Find the line with "Made in USA" in the records below. Output exactly from there until after the line with "Close-up of the", without pictures.

Records>
============================================================

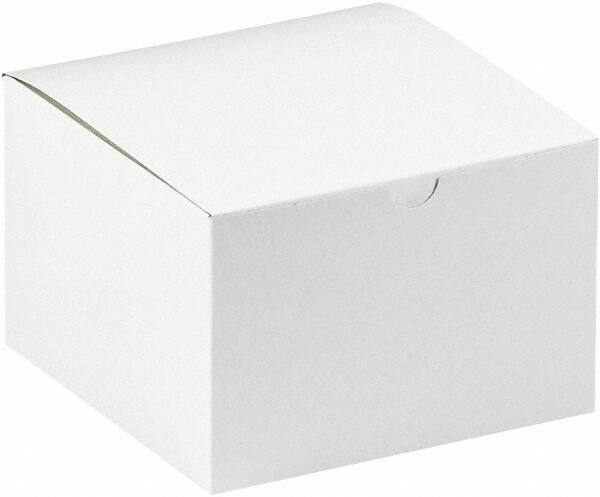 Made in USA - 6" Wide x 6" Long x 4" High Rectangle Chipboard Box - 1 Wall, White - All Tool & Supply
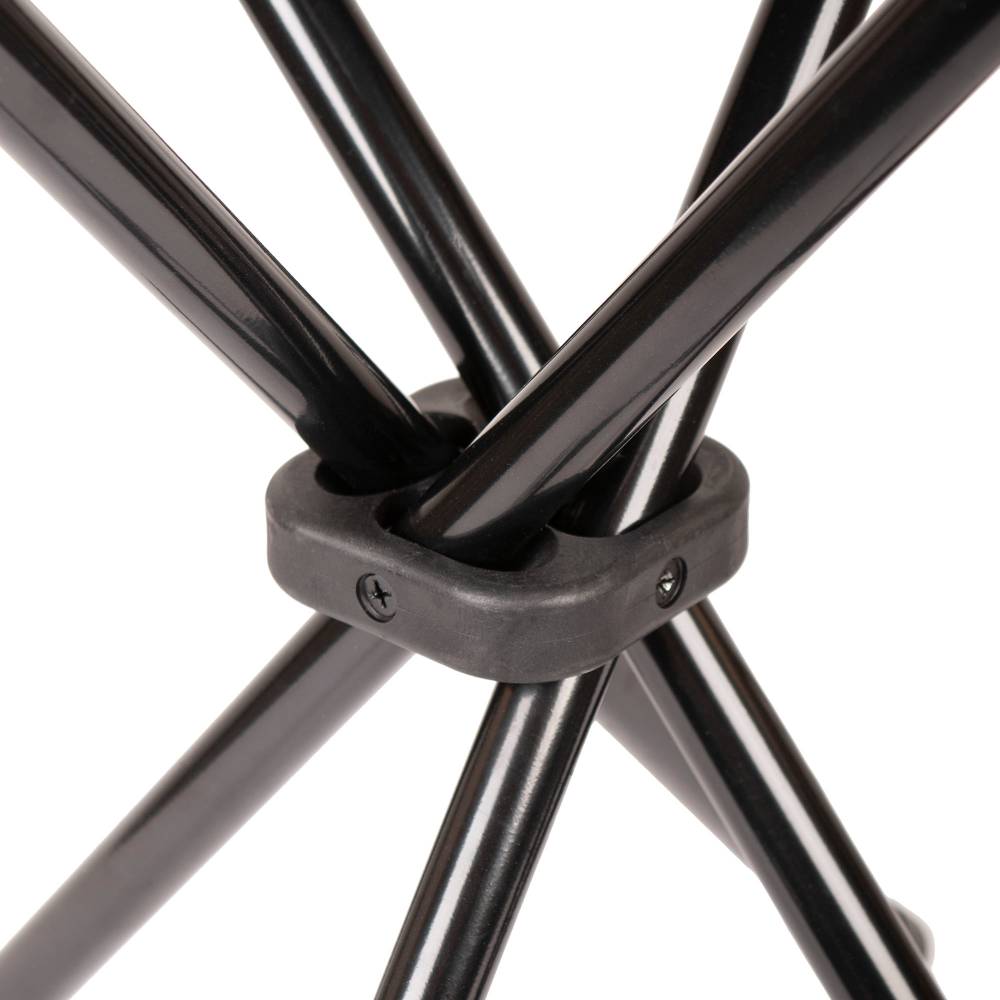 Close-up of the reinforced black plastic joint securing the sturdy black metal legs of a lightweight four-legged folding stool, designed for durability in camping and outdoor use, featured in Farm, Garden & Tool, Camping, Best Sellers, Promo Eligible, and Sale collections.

============================================================

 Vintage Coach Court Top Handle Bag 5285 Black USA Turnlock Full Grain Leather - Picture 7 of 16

============================================================

Finished exercise>
 Made in USA - 6" Wide x 6" Long x 4" High Rectangle Chipboard Box - 1 Wall, White - All Tool & Supply
 Close-up of the reinforced black plastic joint securing the sturdy black metal legs of a lightweight four-legged folding stool, designed for durability in camping and outdoor use, featured in Farm, Garden & Tool, Camping, Best Sellers, Promo Eligible, and Sale collections.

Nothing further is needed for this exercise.